Harris'in sosyal eşitlik ve çevresel sürdürülebilirliğe odaklanması, işletmelere yeni yükler getirerek kar marjlarını azaltabilir ve sektörlerdeki yatırımları yavaşlatabilir. Harris'in vergi önerileri ise; özellikle şirketler ve varlıklı bireyler için daha yüksek vergi sinyalleri veriyor.

Analistler, iki meclisli bir Harris yönetiminin, düşük kredi yardımlarını ve sosyal harcamaları finanse edebilmek için muhtemelen %25-28'e yakın bir vergi oranı ve daha yüksek uluslararası vergi uygulamasına gideceğini düşünüyor.

Bireysel vergi mükellefleri için Harris'in planları arasında; yüksek gelirlilerden alınan vergilerin artırılması, sermaye kazançlarına uygulanan politikanın değiştirilmesi ve büyük mülklere daha yüksek vergi uygulanması yer alıyor.
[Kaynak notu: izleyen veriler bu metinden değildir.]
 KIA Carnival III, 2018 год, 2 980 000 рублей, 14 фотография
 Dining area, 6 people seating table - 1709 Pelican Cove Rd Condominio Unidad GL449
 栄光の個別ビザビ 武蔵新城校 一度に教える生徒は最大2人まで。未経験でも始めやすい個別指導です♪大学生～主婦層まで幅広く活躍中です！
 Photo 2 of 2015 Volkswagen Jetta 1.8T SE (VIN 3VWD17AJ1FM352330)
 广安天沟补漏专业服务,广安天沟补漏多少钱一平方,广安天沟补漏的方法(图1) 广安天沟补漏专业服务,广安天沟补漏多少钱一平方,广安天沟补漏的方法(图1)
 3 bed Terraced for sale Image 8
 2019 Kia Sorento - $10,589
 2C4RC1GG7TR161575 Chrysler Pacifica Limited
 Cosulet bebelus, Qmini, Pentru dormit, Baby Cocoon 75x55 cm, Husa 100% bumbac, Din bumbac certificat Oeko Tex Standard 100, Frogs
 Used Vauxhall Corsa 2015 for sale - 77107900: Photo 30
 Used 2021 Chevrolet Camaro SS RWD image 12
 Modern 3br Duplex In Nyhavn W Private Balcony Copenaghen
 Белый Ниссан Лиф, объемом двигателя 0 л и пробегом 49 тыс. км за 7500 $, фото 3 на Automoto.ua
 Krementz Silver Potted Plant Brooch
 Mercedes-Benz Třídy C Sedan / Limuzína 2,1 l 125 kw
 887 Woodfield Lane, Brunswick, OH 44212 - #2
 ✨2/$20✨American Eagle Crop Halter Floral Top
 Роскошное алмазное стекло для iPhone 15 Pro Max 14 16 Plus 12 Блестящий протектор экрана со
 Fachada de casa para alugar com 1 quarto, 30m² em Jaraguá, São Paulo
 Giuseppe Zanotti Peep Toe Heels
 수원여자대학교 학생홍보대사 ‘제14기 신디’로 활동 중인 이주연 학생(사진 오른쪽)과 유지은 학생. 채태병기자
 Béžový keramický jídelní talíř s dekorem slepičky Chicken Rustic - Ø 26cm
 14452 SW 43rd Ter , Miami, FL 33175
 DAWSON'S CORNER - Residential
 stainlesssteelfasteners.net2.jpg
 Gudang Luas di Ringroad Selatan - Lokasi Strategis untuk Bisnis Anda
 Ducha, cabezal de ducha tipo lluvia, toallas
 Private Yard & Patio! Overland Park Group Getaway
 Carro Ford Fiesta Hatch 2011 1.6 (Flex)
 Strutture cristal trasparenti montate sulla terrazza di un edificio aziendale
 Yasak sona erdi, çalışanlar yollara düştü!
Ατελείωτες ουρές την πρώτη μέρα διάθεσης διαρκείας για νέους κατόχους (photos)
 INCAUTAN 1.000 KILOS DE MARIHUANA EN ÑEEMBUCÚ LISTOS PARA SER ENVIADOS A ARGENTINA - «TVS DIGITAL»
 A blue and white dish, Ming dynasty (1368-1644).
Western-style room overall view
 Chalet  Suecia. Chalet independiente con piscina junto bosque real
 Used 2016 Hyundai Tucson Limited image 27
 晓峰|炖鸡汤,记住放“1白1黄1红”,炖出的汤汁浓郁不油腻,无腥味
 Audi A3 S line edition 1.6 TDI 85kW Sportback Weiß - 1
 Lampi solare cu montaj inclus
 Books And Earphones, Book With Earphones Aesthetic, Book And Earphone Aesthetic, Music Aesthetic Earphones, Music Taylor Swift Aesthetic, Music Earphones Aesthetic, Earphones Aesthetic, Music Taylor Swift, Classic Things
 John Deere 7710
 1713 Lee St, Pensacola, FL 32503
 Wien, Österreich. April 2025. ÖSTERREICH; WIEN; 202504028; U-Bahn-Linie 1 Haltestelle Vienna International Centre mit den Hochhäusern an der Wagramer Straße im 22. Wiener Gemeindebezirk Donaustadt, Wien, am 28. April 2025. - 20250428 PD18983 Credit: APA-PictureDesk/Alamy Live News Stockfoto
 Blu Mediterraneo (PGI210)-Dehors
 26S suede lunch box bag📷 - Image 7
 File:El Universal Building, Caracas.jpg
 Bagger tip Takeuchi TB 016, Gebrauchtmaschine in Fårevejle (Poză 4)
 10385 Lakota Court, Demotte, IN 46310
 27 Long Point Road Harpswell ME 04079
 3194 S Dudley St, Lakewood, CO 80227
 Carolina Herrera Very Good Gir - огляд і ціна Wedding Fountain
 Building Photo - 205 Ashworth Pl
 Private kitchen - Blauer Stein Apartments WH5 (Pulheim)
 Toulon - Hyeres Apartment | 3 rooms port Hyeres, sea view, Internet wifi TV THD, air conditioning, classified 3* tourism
Varlıklı bireyler üzerindeki daha yüksek vergi potansiyeli, tüketiciler için daha yüksek maliyetlere yol açabilir ve potansiyel olarak artan devlet harcamalarından elde edilen kazanımların bir kısmını telafi edebilir. Ayrıca bu değişiklikler varlıklı bireylerin harcanabilir gelirlerini azaltarak tüketimlerini ve borsaya yatırımlarını azaltabilir."